There are obviously a lot of species which deserve a mention. There’s the famous little clownfish who to be honest seemed a little cranky to me, guarding their little underwater shrubs so jealously. They zip out to meet you and audibly (if you listen close enough) bark at you and then disappear back into their shrub like a small dog back between its owners legs. The juvenile harlequin funnylips is like the clownfishes flamingly flamboyant, carefree cousin, his frilly fins whirling and spinning into each other so that you can’t tell where one starts and another begins. He bounces around upside down, no doubt humming a tune to himself as he nibbles his way along the sea bed. There's the not-so-fun banded sea snake, the black and white stripes of Danger! conveniently identifying him as containing enough poison to kill 15 of us mere men. And yet he is 3 feet from us and we are trying to get even closer as he weaves gracefully through the coral. Then there's the little cowfish with his big eyes and a body shaped like he's swallowed a building block.
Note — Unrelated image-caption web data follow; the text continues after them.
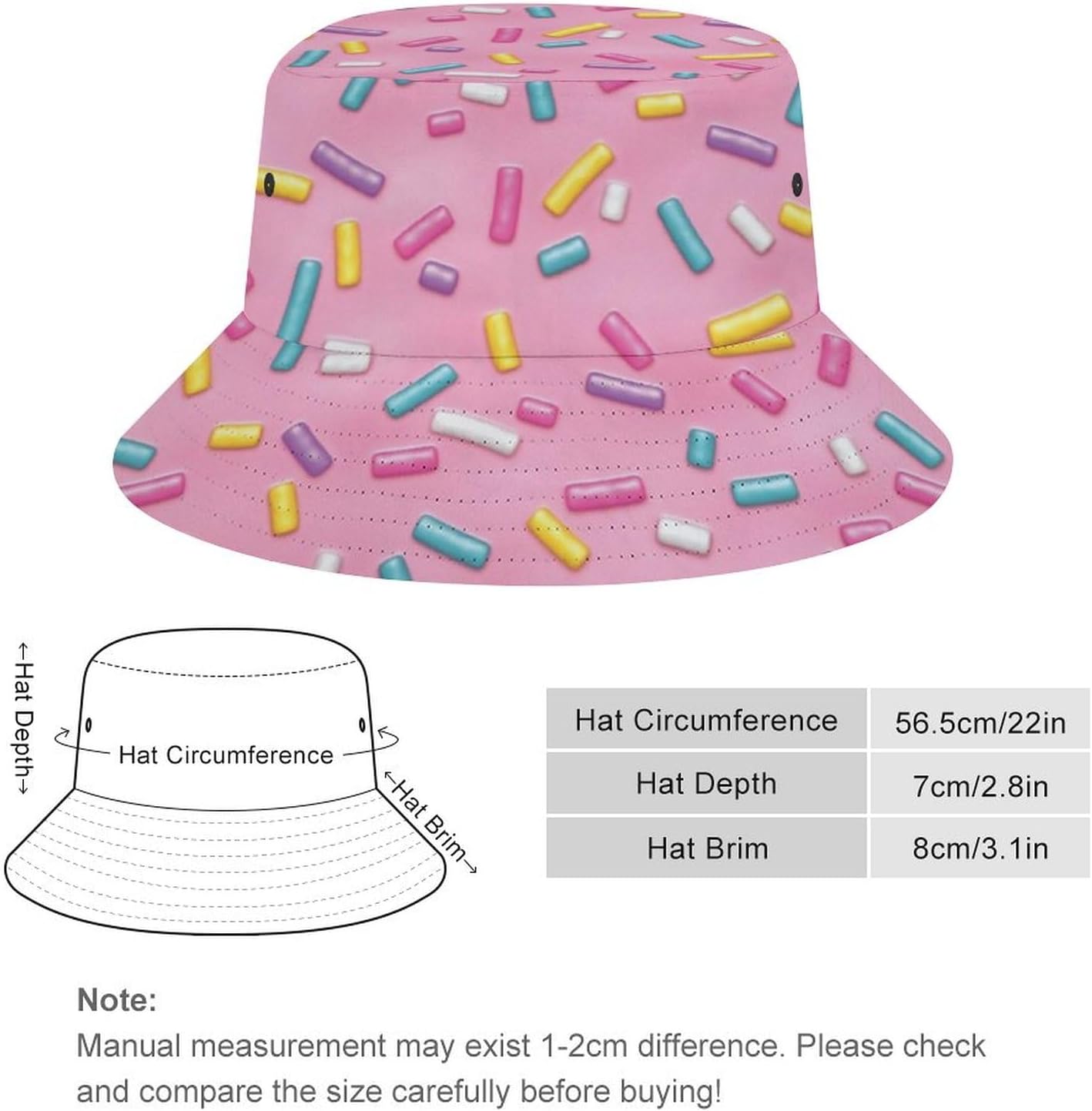 Candy Sprinkles Pink Donut Glaz Bucket Hat for Men Women Packable Fisherman Hat Sun Cap Outdoor Travel Beach Caps - Image 2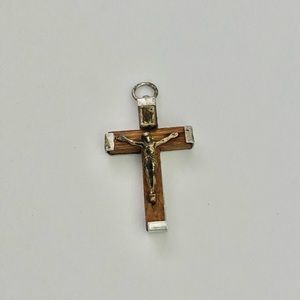 Italian Silver & Wood Crucifix Cross Pendant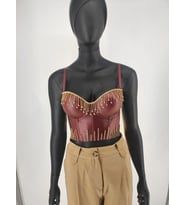 GOLD SARKIT TAŞ DETAYLI KADİFE BRALET ABİYE BÜSTİYER  (Model 1)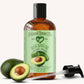Bottle of Natural Born Oils avocado oil with a green label, accompanied by an avocado and a dropper on a white background.
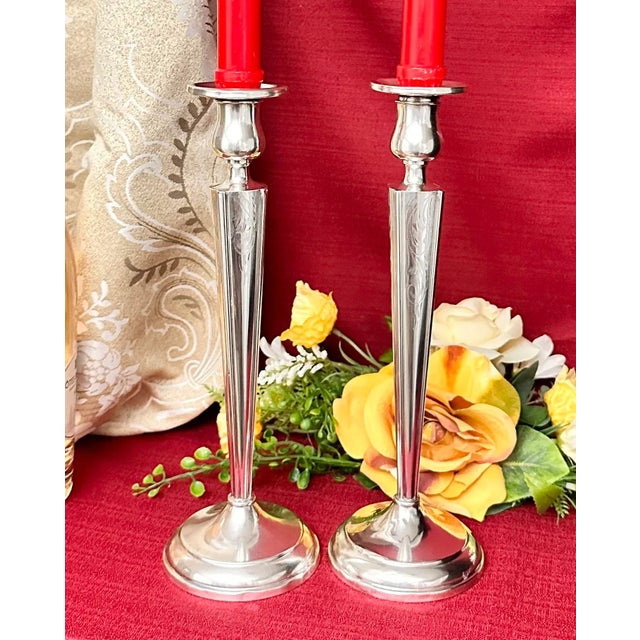 Silver Vintage Sterling Silver Candle Sticks - a Pair For Sale - Image 8 of 11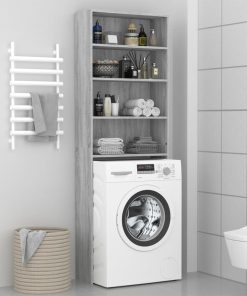 vidaXL Waschmaschinenschrank Grau Sonoma 64x24x190 cm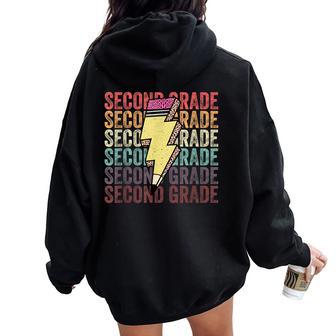 Second Grade Lightning Bolt Pencil 1St Day Of Back To School Women Oversized Hoodie Back Print - Thegiftio UK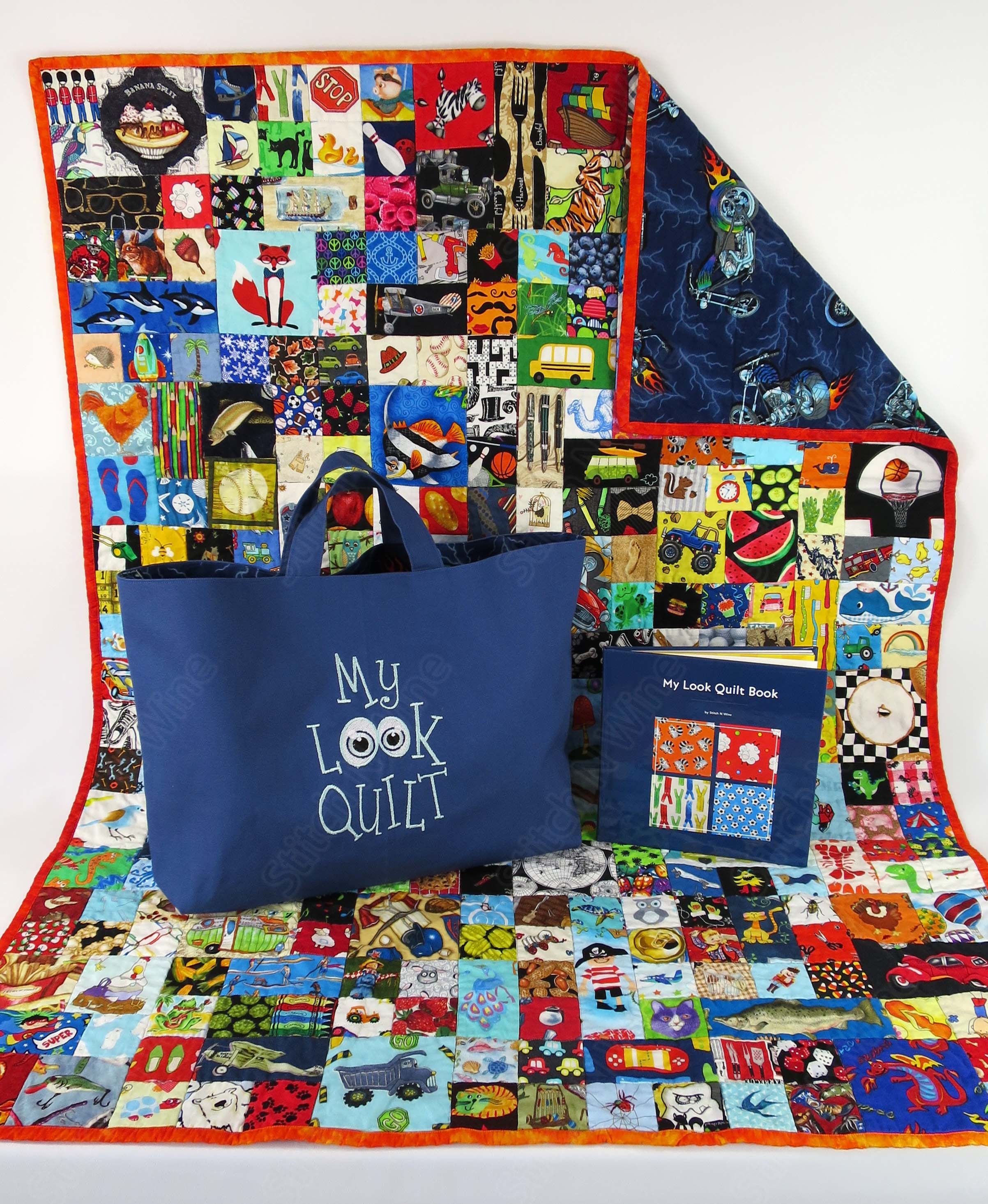 I Spy Quilt With Book And Tote Bag Motorcycles My Look Quilt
He doesn't so much swim as put-put around on his hover fins. Crocodile fish, the overdressed lionfish, the speckled leopard sharks, the angry and stout not-so-little titan triggerfish, the tripped out sea slugs, the list is already too long.

At one of the dive sites you swim out a mere 5 metres from the shore and a sea cliff drops away under you, ultimately to a depth of 2000 metres, imagine taking your kids there for a dip. Another time I snorkelled along the top of a slope where the shallows ended and the seabed disappeared downwards. Sand passed steadily under me and down the slope into the darkness and I felt as if I was perched on the rim of a giant egg timer which was gently willing me into its depths.

Going into the blue is to swim away from any features, in our case the sea wall we had been handrailing, until all around you is a blue infinity. With only your dive buddy as a handle you no longer have any relation to anything concrete, you are suspended in an empty void. It strikes me as one of those human sensations unencountered anywhere else in our existence, as with free falling from a plane perhaps. Once I’d drank my fill, I fixated on my buddy’s back and willed myself not to fall into the hysteria that was nibbling at the edges.